*** Opening of DATA EXCERPTS ***

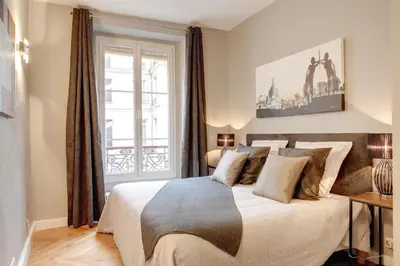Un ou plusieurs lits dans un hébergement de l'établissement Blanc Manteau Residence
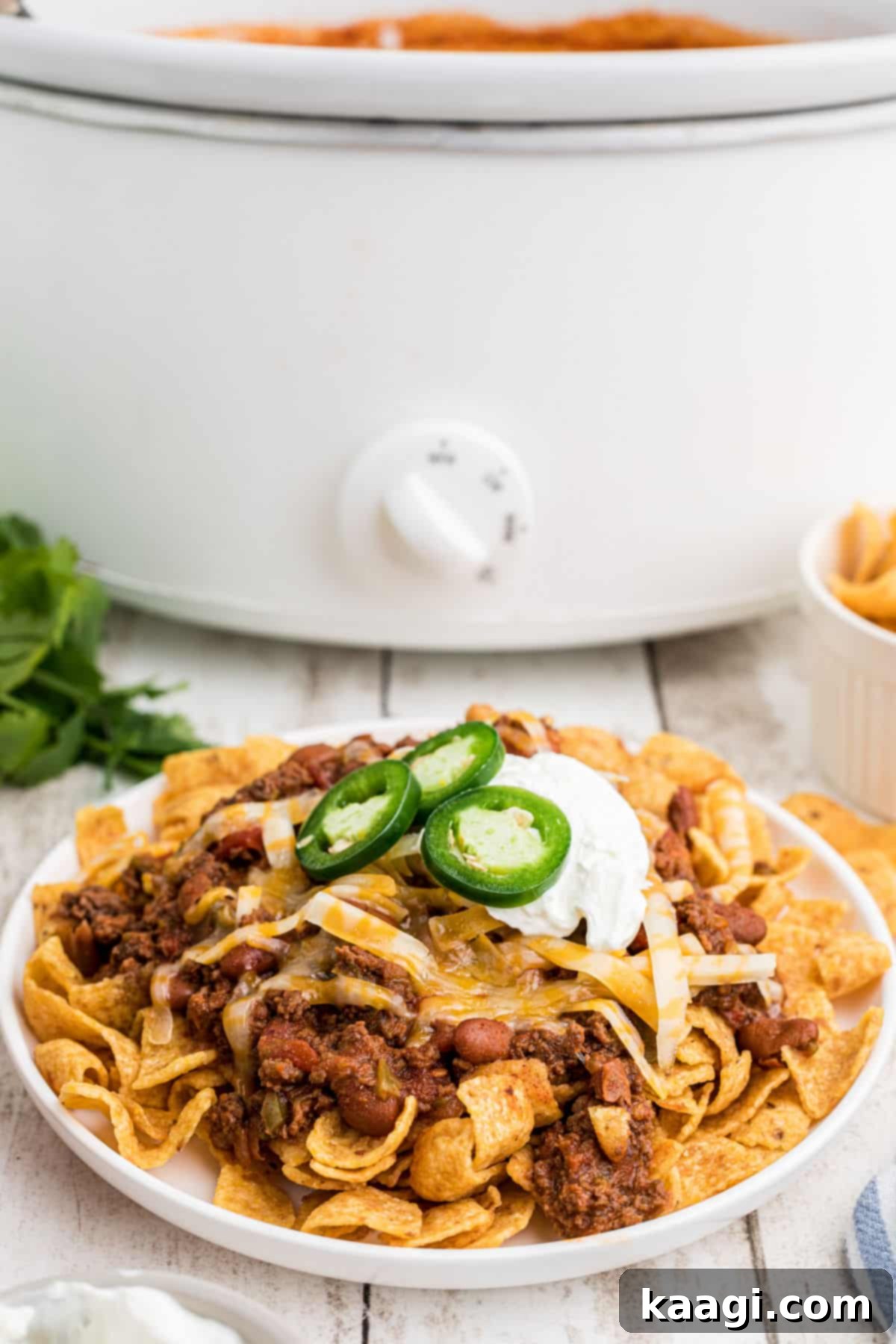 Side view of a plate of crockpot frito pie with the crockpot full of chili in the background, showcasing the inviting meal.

*** Close of DATA EXCERPTS ***
*** Opening of DATA EXCERPTS ***

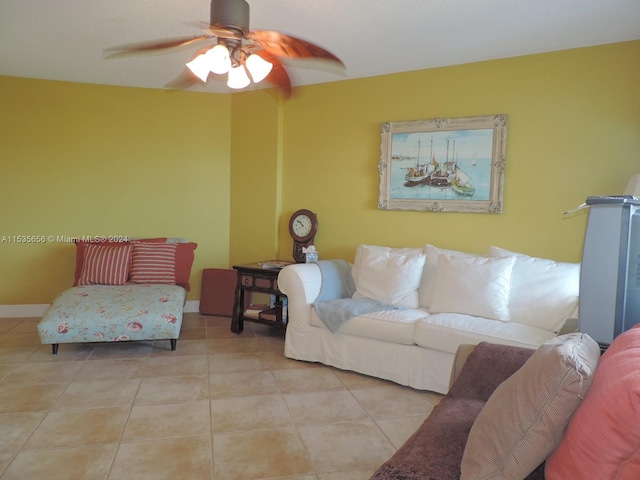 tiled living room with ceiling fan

*** Close of DATA EXCERPTS ***

[ABOUT THIS TASK] Output exactly the lines of the listing above that start with the one holding "Un ou plusieurs" and go on through the one holding "Side view of"; leave the pictures out.

[EXERCISE RESULT]
Un ou plusieurs lits dans un hébergement de l'établissement Blanc Manteau Residence
 Side view of a plate of crockpot frito pie with the crockpot full of chili in the background, showcasing the inviting meal.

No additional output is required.